I would have thought that the media might have figured out the stupidity of this back in 2004, when we subjected to an apparently interminable series of articles with titles like “Can Dean Be Stopped?” At the time, I thought: well, duh, of course he can; not a single vote has been cast. And lo: he was, though not by the candidate I would have preferred.
This time round, it happened again. I was astonished, though, to find stories proclaiming her inevitability from 2006 — two years before a single vote had been cast:
“Former Virginia Gov. Mark Warner’s decision not to run for president is a telling statement about the Democratic Party, the strength of its liberal wing, and the inevitability of Hillary Clinton’s presidential nomination in 2008.”
And here’s one from 2005 saying that yes, in fact, she can be stopped:
“The inevitability campaign now underway demonstrates everything bad about modern American politics.

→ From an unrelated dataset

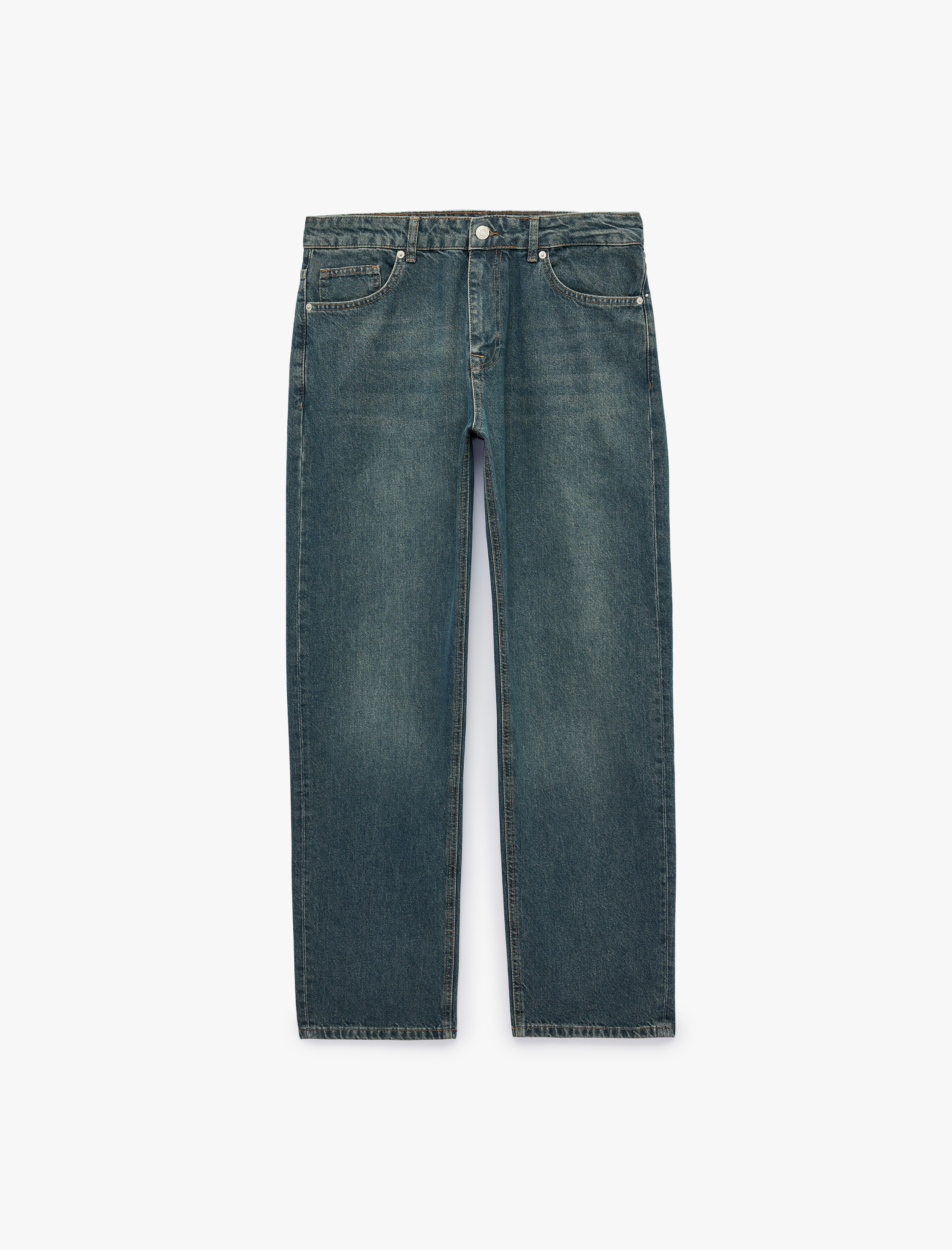   Pamuklu Cepli Normal Bel Vintage Straight Jean Pantolon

Two months into George W. Bush’s second term as president, a cadre of Hillary Clinton supporters is trying to lock up the Democratic presidential nomination for New York’s junior senator. One supporter is her husband, former president Bill Clinton, who declares that his wife would make an excellent president. Senator Joseph Biden of Delaware also predicts “she is likely to be the nominee.”
So, case closed? No other Democrats need apply? That is ridiculous.”
Please, just stop it. Let us make up our own minds. If you do, I’ll be so grateful I won’t even mention the pointlessness of stories about polling data from a year before an election.